In the entries below, every line that contains "with" must be located and copied.

[GIVEN RECORDS]

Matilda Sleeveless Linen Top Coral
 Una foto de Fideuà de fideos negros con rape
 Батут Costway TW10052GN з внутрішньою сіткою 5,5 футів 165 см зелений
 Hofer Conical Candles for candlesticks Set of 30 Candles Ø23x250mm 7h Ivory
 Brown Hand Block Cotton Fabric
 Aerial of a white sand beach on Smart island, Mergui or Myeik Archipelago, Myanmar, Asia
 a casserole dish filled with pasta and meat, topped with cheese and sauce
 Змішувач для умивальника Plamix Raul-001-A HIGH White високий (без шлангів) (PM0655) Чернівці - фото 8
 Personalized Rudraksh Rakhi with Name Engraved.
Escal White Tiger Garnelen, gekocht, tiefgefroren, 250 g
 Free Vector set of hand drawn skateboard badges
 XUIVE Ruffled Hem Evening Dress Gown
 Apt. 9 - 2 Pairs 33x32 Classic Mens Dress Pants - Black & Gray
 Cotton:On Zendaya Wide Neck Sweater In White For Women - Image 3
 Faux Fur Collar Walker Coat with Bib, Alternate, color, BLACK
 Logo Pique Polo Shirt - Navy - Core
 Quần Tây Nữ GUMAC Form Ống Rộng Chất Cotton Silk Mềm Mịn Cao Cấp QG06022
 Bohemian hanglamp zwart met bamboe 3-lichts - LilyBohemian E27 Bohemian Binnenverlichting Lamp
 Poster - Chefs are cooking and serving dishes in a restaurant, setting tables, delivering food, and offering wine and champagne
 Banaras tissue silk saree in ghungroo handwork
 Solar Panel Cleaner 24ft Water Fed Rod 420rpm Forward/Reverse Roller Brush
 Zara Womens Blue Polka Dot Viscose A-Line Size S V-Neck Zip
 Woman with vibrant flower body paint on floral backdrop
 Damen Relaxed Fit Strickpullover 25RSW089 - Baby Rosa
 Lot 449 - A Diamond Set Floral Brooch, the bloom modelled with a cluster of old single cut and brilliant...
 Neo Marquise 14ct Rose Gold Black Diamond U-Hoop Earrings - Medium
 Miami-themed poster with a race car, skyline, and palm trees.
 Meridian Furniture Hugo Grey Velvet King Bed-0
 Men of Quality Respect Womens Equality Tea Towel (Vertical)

[/GIVEN RECORDS]

### OUTPUT FOR THIS EXERCISE:
 a casserole dish filled with pasta and meat, topped with cheese and sauce
 Personalized Rudraksh Rakhi with Name Engraved.
 Faux Fur Collar Walker Coat with Bib, Alternate, color, BLACK
 Woman with vibrant flower body paint on floral backdrop
 Lot 449 - A Diamond Set Floral Brooch, the bloom modelled with a cluster of old single cut and brilliant...
 Miami-themed poster with a race car, skyline, and palm trees.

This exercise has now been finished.